● **Task details**: Restate word for word only the lines running from the one with "La Doublej Womens Pants in Yellow" to the end of the data, both ends included. Omit any pictures.

● **Dataset section**:
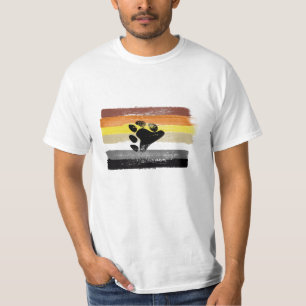 CAMISETA PAVILHÃO E SÍMBOLO DE ORDENAMENTO DE URSO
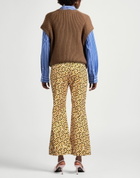 La Doublej Womens Pants in Yellow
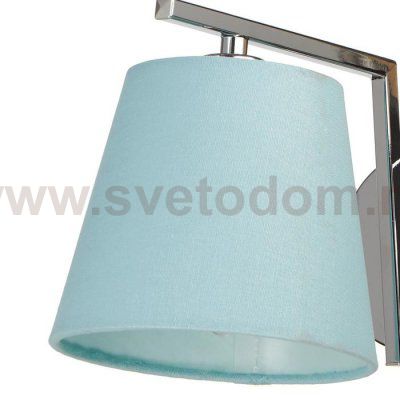 Бра 662419/1 40Вт E14 хром 23х15х15,5 см.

● **Output for this exercise**:
 La Doublej Womens Pants in Yellow
 Бра 662419/1 40Вт E14 хром 23х15х15,5 см.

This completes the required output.